It seemed pretty clear to me that the "deplorables" were the side of his support that made him "not a nazi, but the first choice of nazis", ya know? Considering what trump was doing with his half-courting but no-I'm-totally-not some fairly disgusting groups and sentiments, and what she actually said in the speech isn't really out there and the qualifiers leave her comments accurate and even generous:

http://time.com/4486502/hillary-clinton-basket-of-deplorable...
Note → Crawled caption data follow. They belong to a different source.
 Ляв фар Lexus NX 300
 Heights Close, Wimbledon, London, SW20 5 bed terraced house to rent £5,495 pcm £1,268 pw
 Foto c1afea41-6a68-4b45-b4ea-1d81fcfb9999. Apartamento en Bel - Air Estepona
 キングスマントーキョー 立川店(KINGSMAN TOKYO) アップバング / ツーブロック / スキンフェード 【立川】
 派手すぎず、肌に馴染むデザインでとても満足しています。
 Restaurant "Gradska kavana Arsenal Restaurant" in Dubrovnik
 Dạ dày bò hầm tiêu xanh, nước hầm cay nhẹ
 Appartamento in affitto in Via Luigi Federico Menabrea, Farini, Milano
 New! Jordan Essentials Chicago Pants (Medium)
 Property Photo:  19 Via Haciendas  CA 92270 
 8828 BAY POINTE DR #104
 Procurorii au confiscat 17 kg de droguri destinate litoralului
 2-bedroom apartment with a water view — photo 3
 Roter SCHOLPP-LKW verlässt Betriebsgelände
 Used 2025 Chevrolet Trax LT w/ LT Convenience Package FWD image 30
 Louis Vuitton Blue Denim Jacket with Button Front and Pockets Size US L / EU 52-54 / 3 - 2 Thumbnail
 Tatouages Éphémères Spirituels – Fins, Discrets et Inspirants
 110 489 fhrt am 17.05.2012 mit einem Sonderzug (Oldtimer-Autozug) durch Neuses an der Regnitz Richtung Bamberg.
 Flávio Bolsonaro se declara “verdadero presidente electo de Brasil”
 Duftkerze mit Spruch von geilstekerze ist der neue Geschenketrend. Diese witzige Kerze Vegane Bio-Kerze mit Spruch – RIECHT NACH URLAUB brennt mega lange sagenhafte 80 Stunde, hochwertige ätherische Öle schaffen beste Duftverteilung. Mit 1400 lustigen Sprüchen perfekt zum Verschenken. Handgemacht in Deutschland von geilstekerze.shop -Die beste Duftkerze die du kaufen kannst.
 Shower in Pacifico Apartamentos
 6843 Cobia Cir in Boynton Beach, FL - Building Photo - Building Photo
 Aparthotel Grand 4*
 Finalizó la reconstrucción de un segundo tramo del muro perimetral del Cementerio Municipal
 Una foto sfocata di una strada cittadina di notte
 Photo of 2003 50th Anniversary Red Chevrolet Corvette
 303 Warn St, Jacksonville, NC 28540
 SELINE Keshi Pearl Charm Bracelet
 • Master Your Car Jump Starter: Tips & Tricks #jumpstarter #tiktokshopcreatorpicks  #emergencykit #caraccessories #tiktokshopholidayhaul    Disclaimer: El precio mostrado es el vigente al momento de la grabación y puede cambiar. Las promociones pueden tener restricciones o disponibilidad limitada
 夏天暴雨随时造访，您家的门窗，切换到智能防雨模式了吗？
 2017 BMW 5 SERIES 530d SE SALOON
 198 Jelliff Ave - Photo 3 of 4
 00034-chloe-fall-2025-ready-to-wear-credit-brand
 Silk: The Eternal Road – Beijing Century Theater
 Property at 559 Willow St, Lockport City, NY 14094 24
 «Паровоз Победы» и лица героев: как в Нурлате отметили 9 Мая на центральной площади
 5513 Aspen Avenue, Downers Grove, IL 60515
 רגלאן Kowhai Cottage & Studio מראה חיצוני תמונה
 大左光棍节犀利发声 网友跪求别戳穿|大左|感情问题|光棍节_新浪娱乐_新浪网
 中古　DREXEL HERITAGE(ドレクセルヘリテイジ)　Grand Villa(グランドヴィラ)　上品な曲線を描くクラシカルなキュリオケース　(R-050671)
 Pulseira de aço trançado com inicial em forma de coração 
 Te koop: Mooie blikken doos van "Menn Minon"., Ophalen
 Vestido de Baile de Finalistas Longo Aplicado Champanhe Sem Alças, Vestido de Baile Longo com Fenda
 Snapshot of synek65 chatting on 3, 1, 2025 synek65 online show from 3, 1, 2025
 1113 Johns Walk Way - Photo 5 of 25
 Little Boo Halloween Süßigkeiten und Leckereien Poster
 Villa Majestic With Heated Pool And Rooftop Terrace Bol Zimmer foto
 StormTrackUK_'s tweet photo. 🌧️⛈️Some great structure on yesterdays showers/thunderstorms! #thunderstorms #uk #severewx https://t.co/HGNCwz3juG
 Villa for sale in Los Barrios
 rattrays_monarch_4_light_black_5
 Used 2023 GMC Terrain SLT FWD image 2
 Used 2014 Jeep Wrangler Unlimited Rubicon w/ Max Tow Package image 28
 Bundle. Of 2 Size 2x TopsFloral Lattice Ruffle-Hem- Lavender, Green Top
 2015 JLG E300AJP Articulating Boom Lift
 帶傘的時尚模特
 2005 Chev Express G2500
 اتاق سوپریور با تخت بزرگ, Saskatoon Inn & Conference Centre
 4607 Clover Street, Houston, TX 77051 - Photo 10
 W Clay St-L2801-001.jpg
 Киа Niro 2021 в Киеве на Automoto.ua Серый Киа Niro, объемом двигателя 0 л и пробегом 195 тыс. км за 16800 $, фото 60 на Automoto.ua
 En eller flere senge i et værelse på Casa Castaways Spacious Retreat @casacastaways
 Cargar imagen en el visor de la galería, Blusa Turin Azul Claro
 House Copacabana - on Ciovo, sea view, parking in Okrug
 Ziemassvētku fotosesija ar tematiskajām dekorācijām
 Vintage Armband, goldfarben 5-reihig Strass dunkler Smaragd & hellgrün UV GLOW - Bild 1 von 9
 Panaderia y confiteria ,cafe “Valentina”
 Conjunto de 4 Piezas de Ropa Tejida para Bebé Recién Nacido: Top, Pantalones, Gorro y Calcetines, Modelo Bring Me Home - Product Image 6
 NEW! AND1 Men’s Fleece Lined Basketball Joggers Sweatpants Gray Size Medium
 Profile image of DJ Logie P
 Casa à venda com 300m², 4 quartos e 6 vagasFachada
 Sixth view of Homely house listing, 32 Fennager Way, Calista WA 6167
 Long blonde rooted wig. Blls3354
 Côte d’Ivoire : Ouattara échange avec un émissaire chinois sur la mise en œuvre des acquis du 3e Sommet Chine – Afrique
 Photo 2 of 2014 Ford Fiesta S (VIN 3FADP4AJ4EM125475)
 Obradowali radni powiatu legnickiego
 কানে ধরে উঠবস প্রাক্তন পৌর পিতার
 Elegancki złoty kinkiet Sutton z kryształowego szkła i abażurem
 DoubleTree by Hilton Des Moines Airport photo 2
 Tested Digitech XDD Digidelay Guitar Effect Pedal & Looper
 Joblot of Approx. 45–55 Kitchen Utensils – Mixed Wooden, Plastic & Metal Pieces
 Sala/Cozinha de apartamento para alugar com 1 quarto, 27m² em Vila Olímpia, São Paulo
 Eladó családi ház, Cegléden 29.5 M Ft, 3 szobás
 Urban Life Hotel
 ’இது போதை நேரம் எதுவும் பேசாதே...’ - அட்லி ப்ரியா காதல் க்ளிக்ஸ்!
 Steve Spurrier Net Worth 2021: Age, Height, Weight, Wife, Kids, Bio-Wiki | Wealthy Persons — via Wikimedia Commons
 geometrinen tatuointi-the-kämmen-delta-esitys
I mean, she enumerated which part of his base she meant to put in that group, and allowed that some portion of even that part could be reached, let alone the ones who were not put in the deplorables "basket" and have legit problems with e.g. how globalization has left them rather screwed or with political corruption or who actually do want stronger borders but not because they dislike Hispanics (putting aside that she was a candidate especially unqualified to reach anyone for whom those and related things are major concerns—which is probably why someone as incredibly unelectable and also not terribly well positioned to credibly claim those sorts of positions as Trump managed to soundly beat her). As for "re-education", the language for the rest was pretty standard "these people aren't awful and have real problems and we haven't done a good enough job of telling them how we'll address those" stuff. "Re-education" is... kinda "we're gonna get herded into FEMA camps! No really, I read it on the Internet!" territory. Reading that "coding" doesn't strike me as reasonable, no.

However, though the speech wasn't inaccurate and the message was a good one to deliver to her base, it was really stupid in the context of this political race, and thinking it'd play well when cut down to a few words could speak to a certain arrogance which I wouldn't be surprised to find was very much present in Clinton and her campaign. Expecting any of the nuance of the speech, so central to its meaning, to be preserved was really, really dumb.

> That's why my family voted for Obama over Hillary in the 2008 primary (by then McCain had the Republican one locked up and Missouri has open primaries). Obama is no prize, but he's not a fraction as dangerous as Hillary and to a lessor extend Bill. We had lived through and remembered their first co-presidency all too well.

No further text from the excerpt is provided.